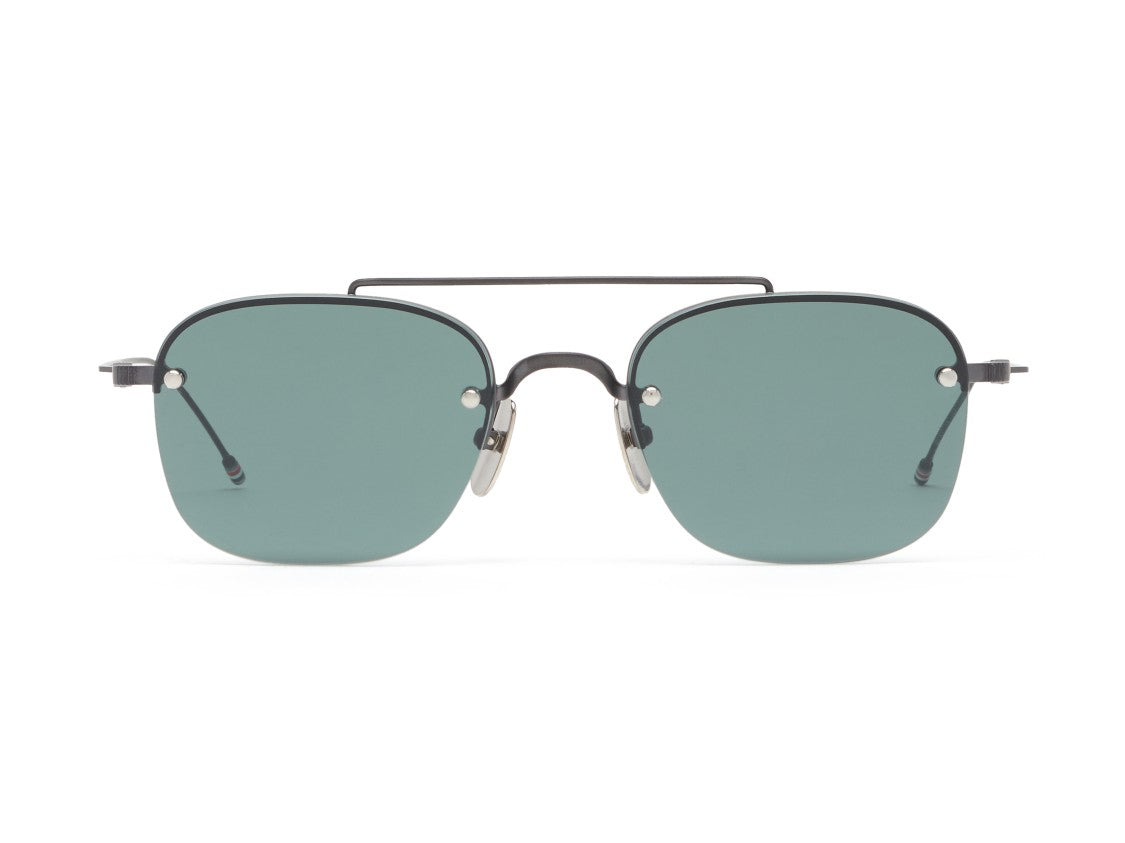 Thom Browne Silver Ues960a Double Bridge Thin Metal Square Sunglasses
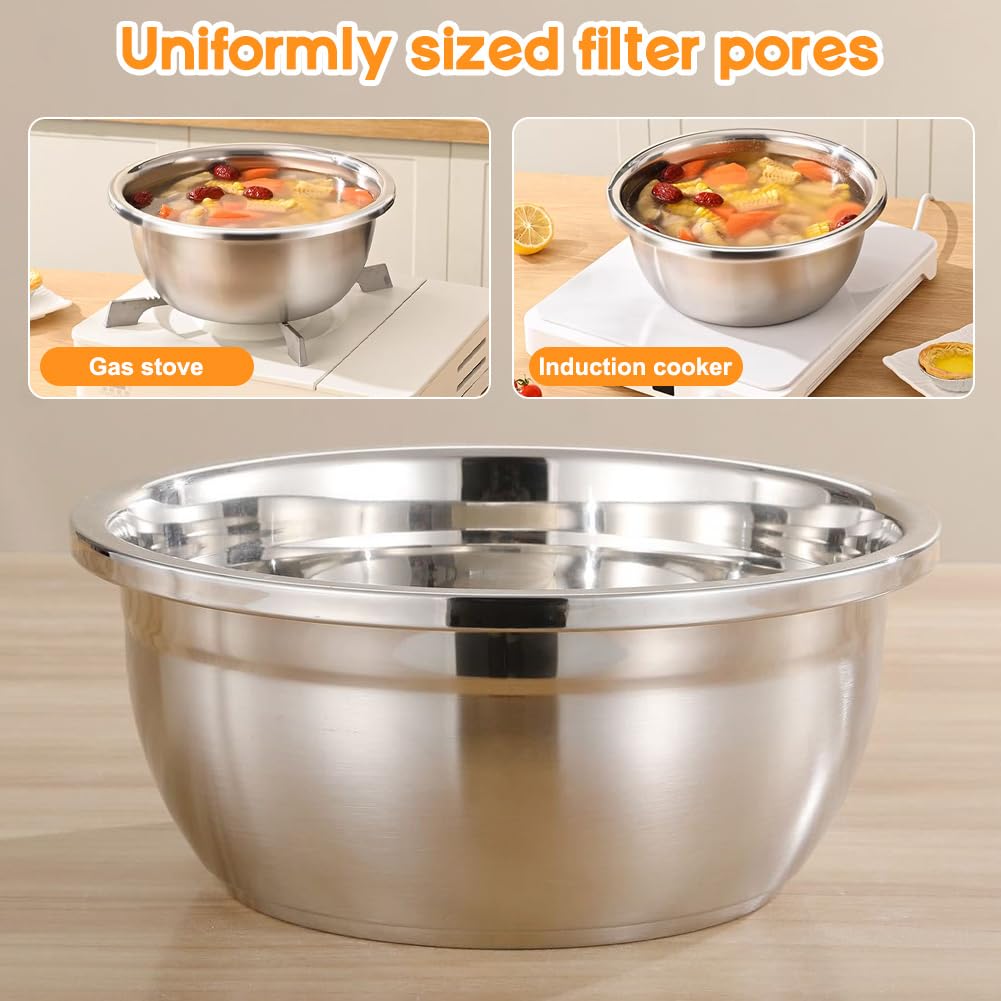 CEWROM Set di 2 scolapasta in acciaio inox e ciotole, 22 cm, scolapasta impilabile con ciotola, colino per cibo da cucina per lavare pasta, frutta, verdura, resistente e lavastoviglie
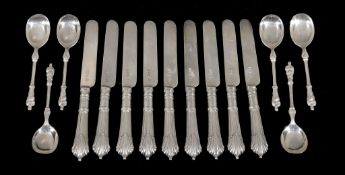 Nine silver Albany pattern tea knives by The Goldsmiths & Silversmiths Co. Ltd, London 1910; and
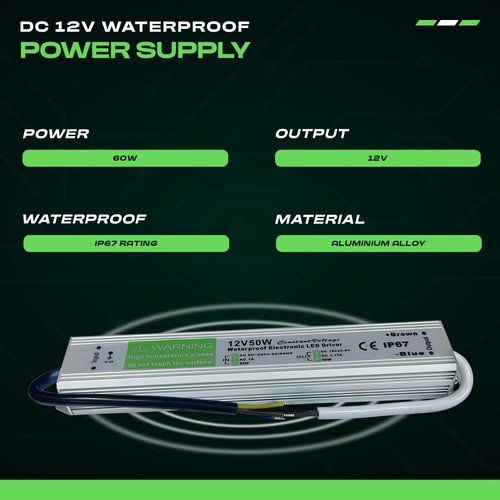 DC 12 V wasserdicht IP67 LED Treiber Netzteil Transformator 10 W-60 W UK Lager - Bild 40 von 46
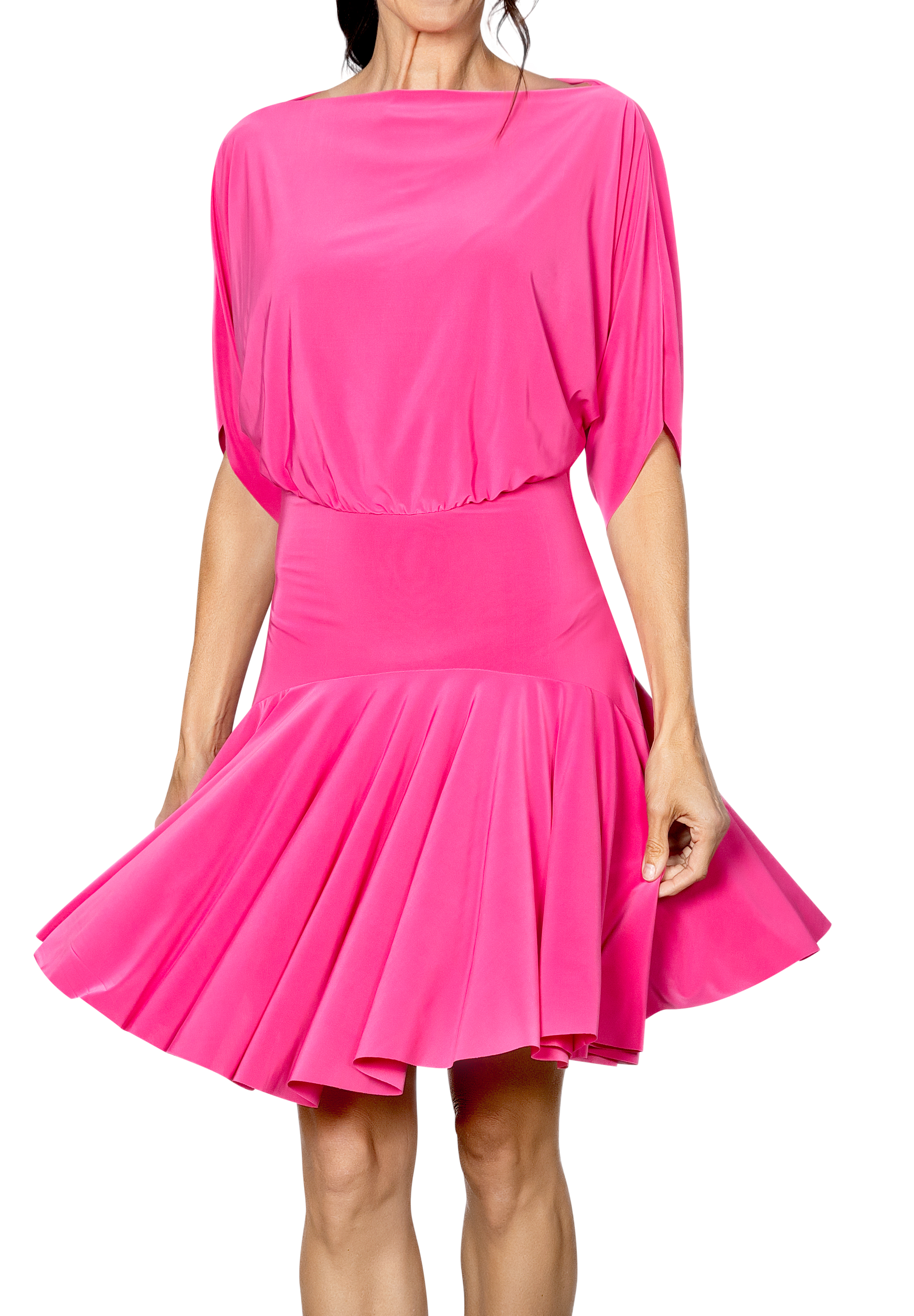 Dance America D2401 - Simple Short Dress-Pink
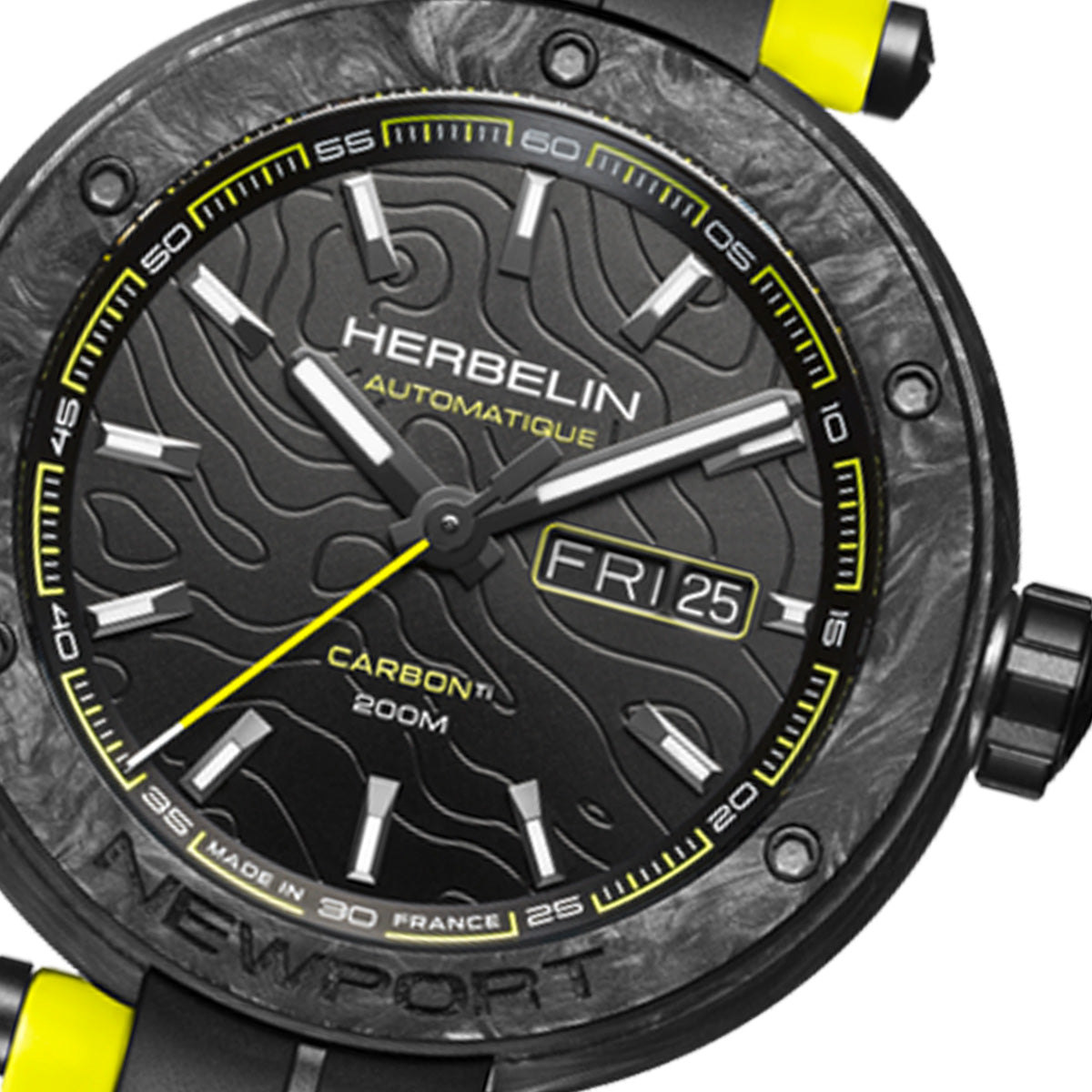 エルブラン HERBELIN ニューポート NEWPORT 43mm 腕時計 メンズ 自動巻き H1788CTN14CY ラウンド FKMベルト イエロー【60回分割手数料無料！】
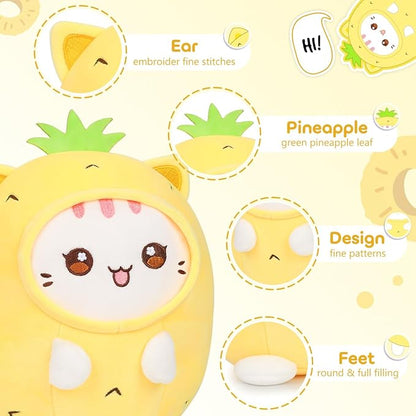 Cute Plush Pineapple Cat Stuffed Animal Pillow, 8" Soft Kawaii Kitten Plushie with Pineapple Outfit Gift for Kids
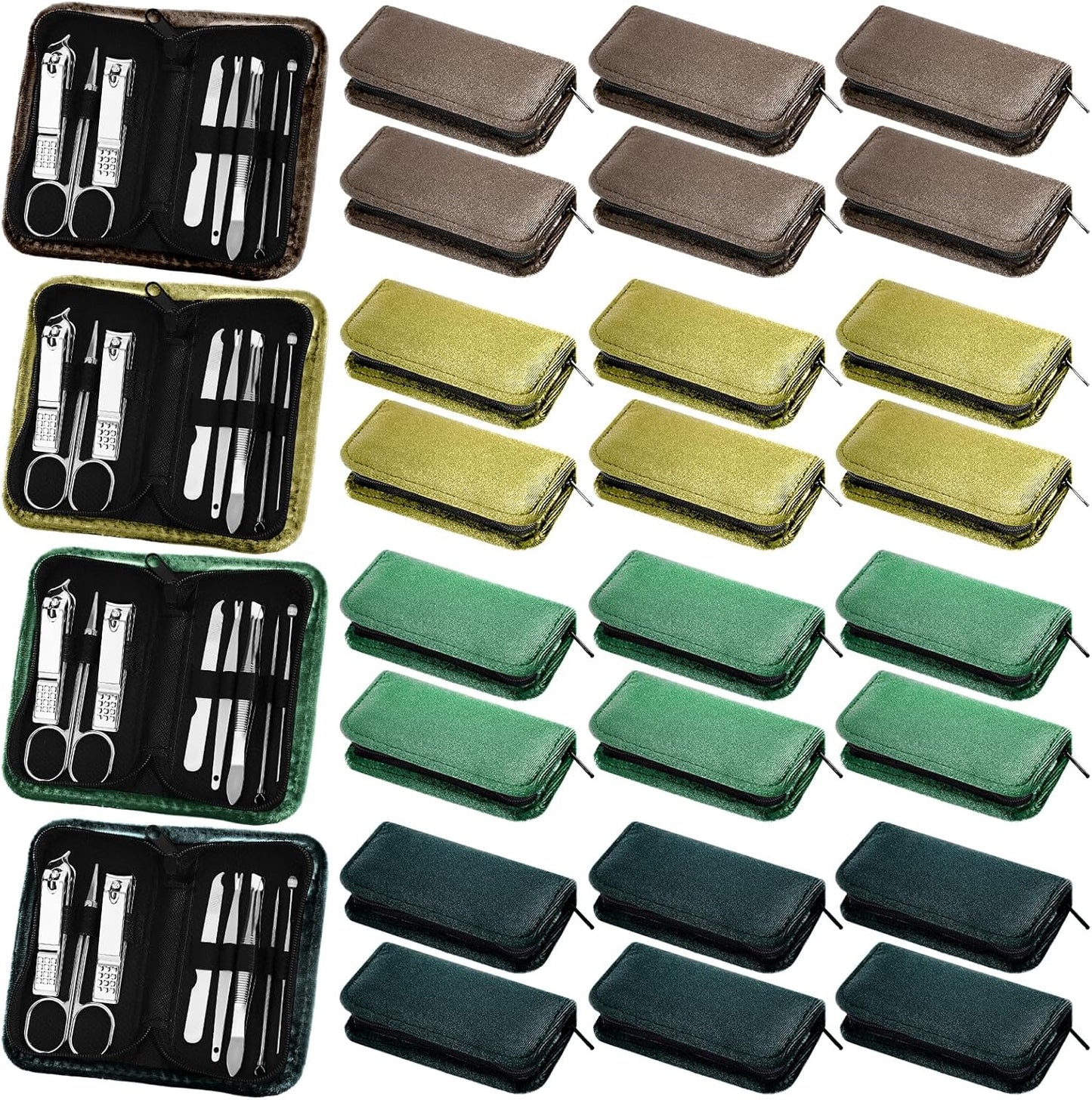 Coume 24 Sets Manicure Set Bulk Rad Tech 8 in 1 Nail Clippers Kit Luxurious Travel Case Stainless Steel Nails Care Tool Office Gift for Coworker Nurse Practitioner Week Christmas(Green Series)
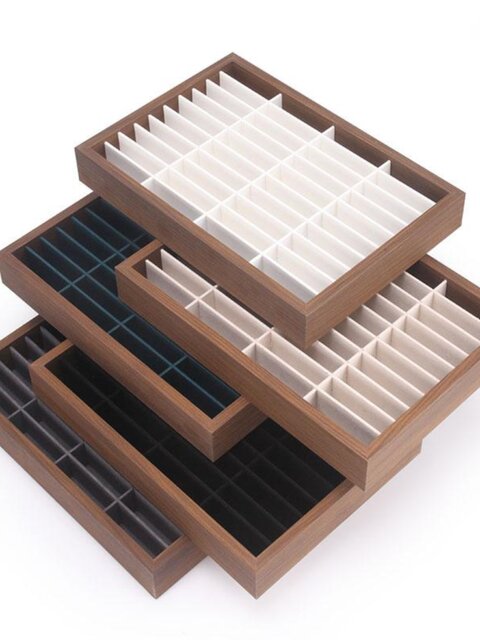 High-end jewelry bracelet storage display box bracelet velvet cloth necklace tray solid wood viewing pallet 40 grid jade pallet
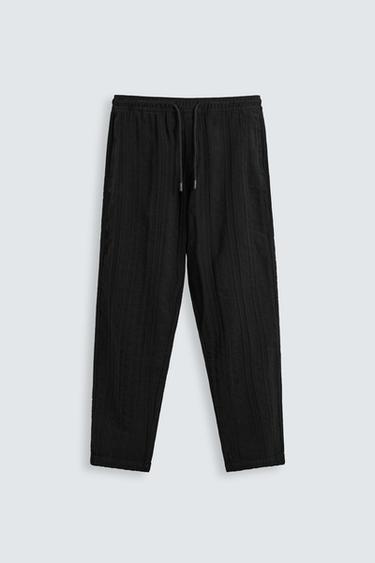 بنطلون RELAXED FIT بملمس - أسود by Zara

------------------------------------------------------------

_AIM OF THE EXERCISE:_ Everything from the line with "エルブラン HERBELIN ニューポート" down to the line with "Cute Plush Pineapple" in the data above should be copied exactly, with both end lines kept and the pictures left out.

_SOLVED PROBLEM:_
 エルブラン HERBELIN ニューポート NEWPORT 43mm 腕時計 メンズ 自動巻き H1788CTN14CY ラウンド FKMベルト イエロー【60回分割手数料無料！】
 Cute Plush Pineapple Cat Stuffed Animal Pillow, 8" Soft Kawaii Kitten Plushie with Pineapple Outfit Gift for Kids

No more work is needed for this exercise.